### Data for the task
* * * * * * *

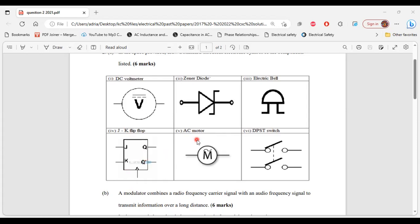Part five: AC motor — this is the symbol for the AC motor. And part six: the double-pole single-throw switch — these are the symbols. That's it for Part A, so let's move on to Part B now.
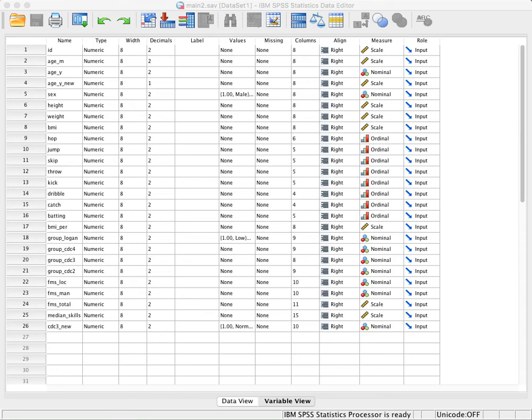In this tutorial I'll show you how to change the measure in SPSS, how to change the measure type for many variables in one single step.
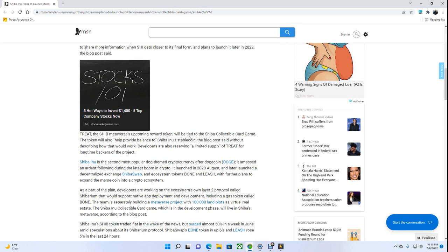Shiba Inu is the second most popular dog-themed cryptocurrency after Dogecoin. It amassed an ardent following during the latest boom in crypto. It launched in August 2020 and later launched Decentralized Exchange ShibaSwap and Ecosystem tokens Bone and Leash, with further plans to expand the meme coin into a crypto ecosystem.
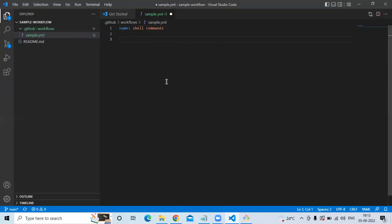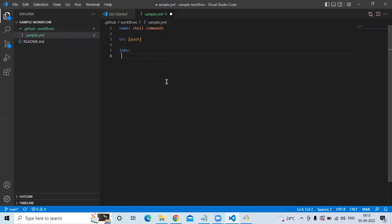Then press Enter, then the 'on' colon 'push' trigger. If you want you can add 'pull' also here, but I don't want that. After that, enter the 'jobs' tag with a colon. Then indent and name the job 'run-shell-commands'. For 'runs-on' use 'ubuntu-latest' — you can also add Windows and macOS.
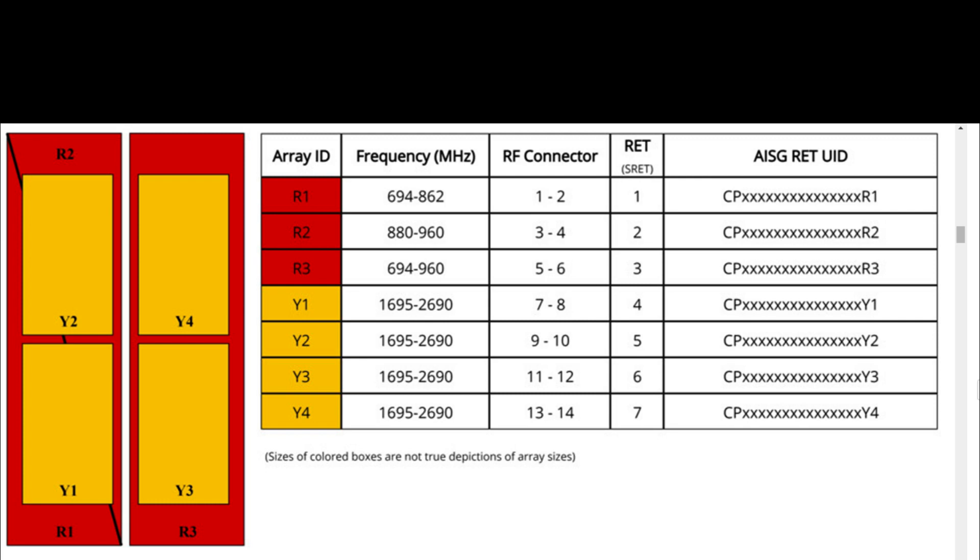Y4: 2 ports, frequency range 1695 to 2690 MHz, RF port 13 and 14. Y1-Y2-Y3-Y4:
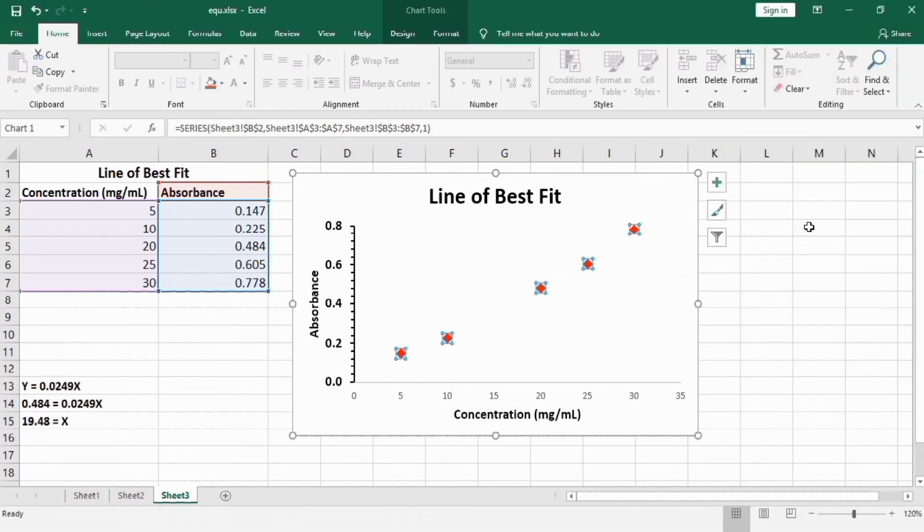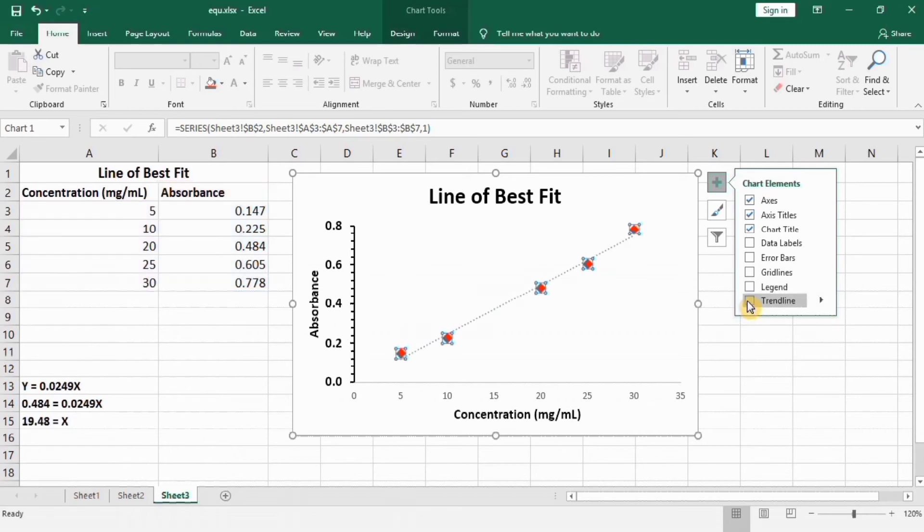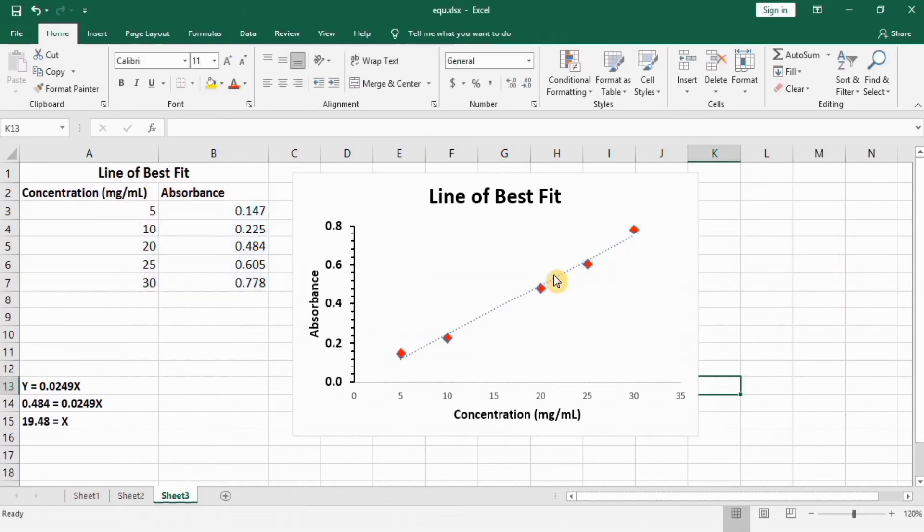Now if you want to insert trend line, go to this plus sign, add chart element option, and check this trend line option. Now you can see here Excel has generated a trend line. Select this one.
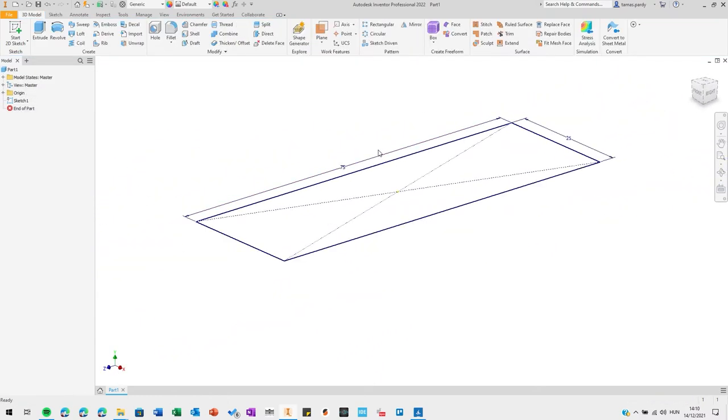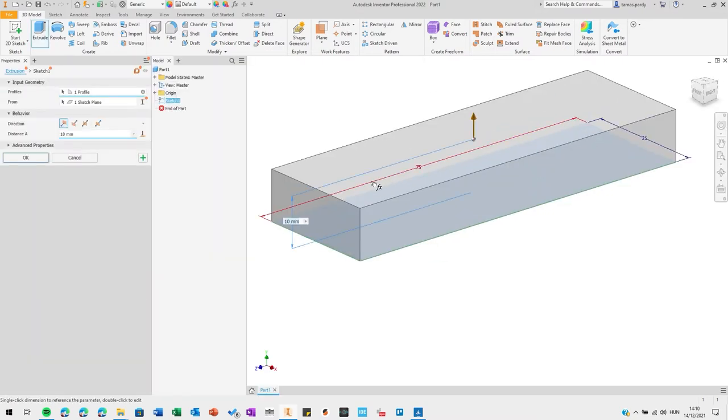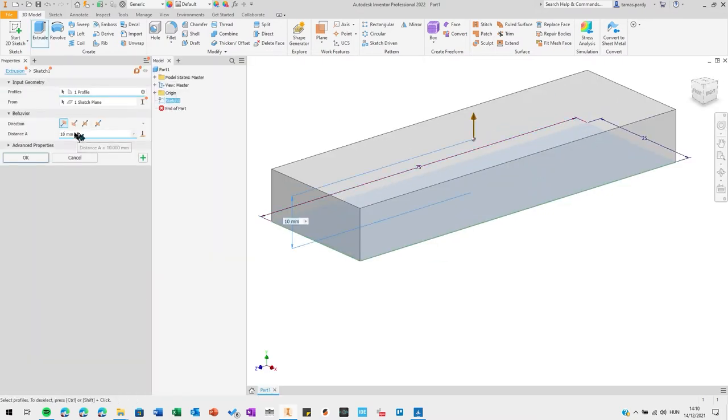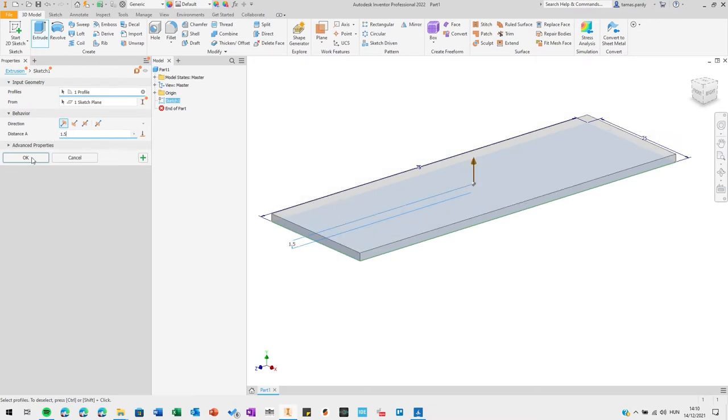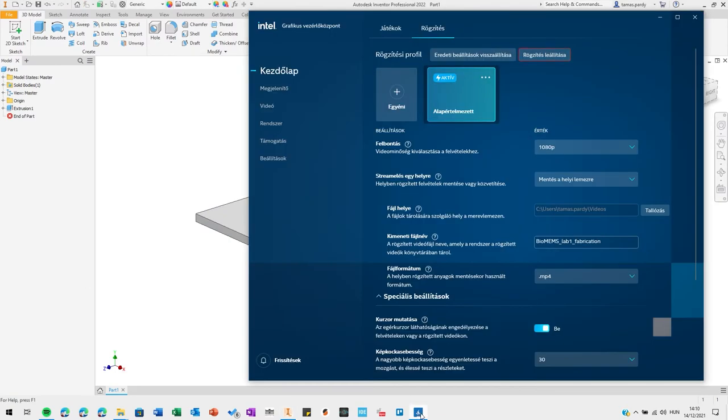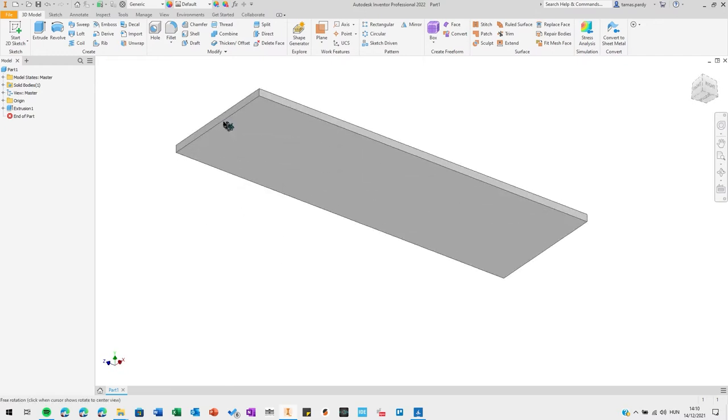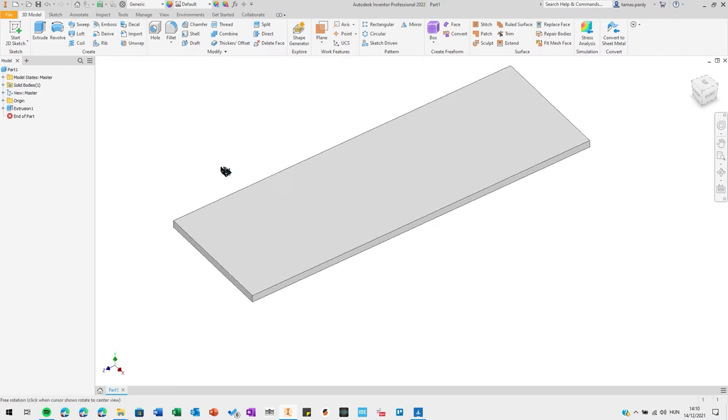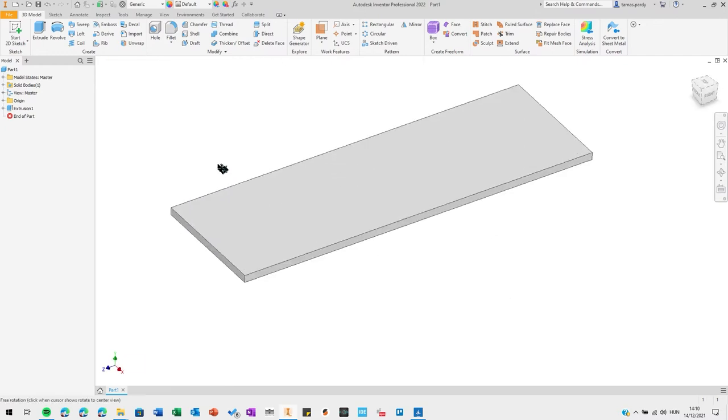Now you need to extrude. So far this has been 2D CAD. Now we make it 3D by extruding. Chip thickness is 1.5 millimeters. So you need to extrude by 1.5. Now you have a brick, which is the body of the chip.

* * * * * * *

### Exercise directions
When you reproduce the data shown above, keep each line exact and omit every picture.

### Answer to this task
Part five: AC motor — this is the symbol for the AC motor. And part six: the double-pole single-throw switch — these are the symbols. That's it for Part A, so let's move on to Part B now.
In this tutorial I'll show you how to change the measure in SPSS, how to change the measure type for many variables in one single step.
Shiba Inu is the second most popular dog-themed cryptocurrency after Dogecoin. It amassed an ardent following during the latest boom in crypto. It launched in August 2020 and later launched Decentralized Exchange ShibaSwap and Ecosystem tokens Bone and Leash, with further plans to expand the meme coin into a crypto ecosystem.
Then press Enter, then the 'on' colon 'push' trigger. If you want you can add 'pull' also here, but I don't want that. After that, enter the 'jobs' tag with a colon. Then indent and name the job 'run-shell-commands'. For 'runs-on' use 'ubuntu-latest' — you can also add Windows and macOS.
Y4: 2 ports, frequency range 1695 to 2690 MHz, RF port 13 and 14. Y1-Y2-Y3-Y4:
Now if you want to insert trend line, go to this plus sign, add chart element option, and check this trend line option. Now you can see here Excel has generated a trend line. Select this one.
Now you need to extrude. So far this has been 2D CAD. Now we make it 3D by extruding. Chip thickness is 1.5 millimeters. So you need to extrude by 1.5. Now you have a brick, which is the body of the chip.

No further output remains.